November 15, 2023

Article

On 26 October 2023, the Economic Crime and Corporate Transparency Bill received Royal Assent, and the Act was published.

The purpose of the act is to increase the powers for tackling money laundering, illicit activity and reforming Companies

House operations and powers. There is no timetable at present for these changes to be implemented. The Bill was first introduced to the House of Commons back in September 2022 and has evolved since then with the key provisions which have made their way to final stages being:

  • Changes to the financial statement filing requirements for smaller companies
    • Small entities to file both P&L and directors report at Companies House**
    • Micro entities to file P&L only at Companies House**
  • Increased accountability required for audit exemption
    • Identification of audit exemption being taken and confirmation of eligibility for the exemption where appropriate
  • Mandating the method of delivery of documents to Companies House
    • Increased movement towards electric methods
    • Request the filings of >1 document to be filed together
  • Enhanced companies house powers for verifying the integrity of information provided
    • Inconsistent, incomplete or incorrect information will be rejected (and treated as not delivered)
  • Introducing identity verification for registered company directors, people with significant control and those who file on behalf of companies

  • Providing Companies House with more enhanced investigation and enforcement powers, and introducing cross-checking of data with other bodies

  • Enhancing the protection of personal information provided to Companies House

  • Reforms to prevent abuse of partnerships
    • Enhancement of regulations surrounding limited partnerships
  • Additional powers to seize and recover suspected criminal crypto assets

The filing of a profit and loss account at Companies House will ensure this information is available on the public register. Filleted abridged accounts will no longer be filed. It was felt that minimal disclosures were concealing fraudulent activity, including money laundering, and the new rules would improve the reliability of information for all.
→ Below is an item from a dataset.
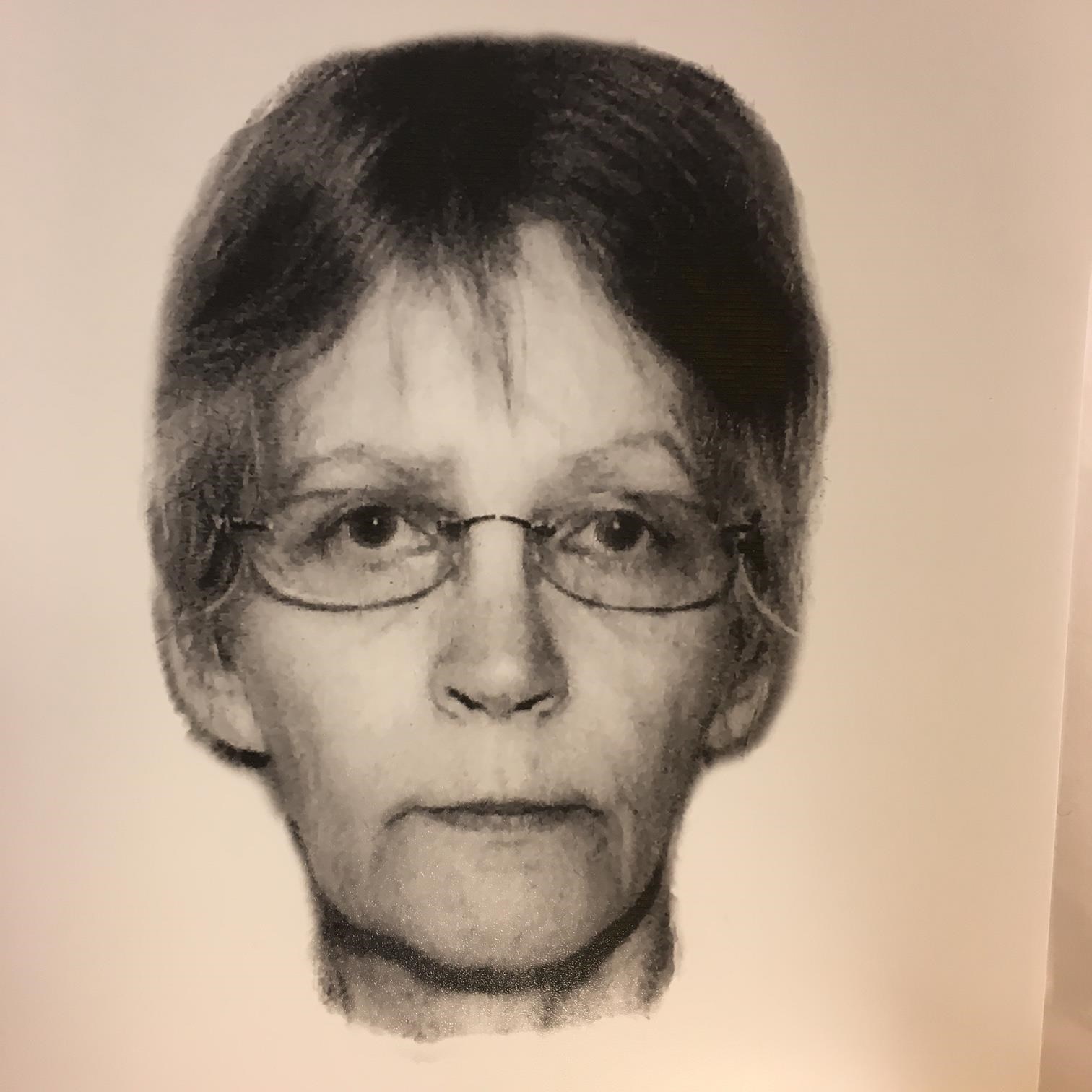 Obituary of Susan Ann Anderson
The introduction of a director’s report for small entities is designed to provide explicit verification from directors to aid in the reduction of misuse around minimal disclosures and also reduce the abuse of the dormant accounts’ rules.

A new corporate offence is also being introduced for large organisations, being the failure to prevent fraud. Defence is possible where appropriate safeguard procedures have been implemented. There is also a new regulation applicable to all corporate entities or partnerships, enabling liability to be the entity for economic crime offences, where a senior manager, acting within the scope of their authority, commits or attempts to commit a “relevant offence”. This latter provision will come in to force on 26 December 2023 whereas all further regulations will be implemented at a date to be appointed by the regulators.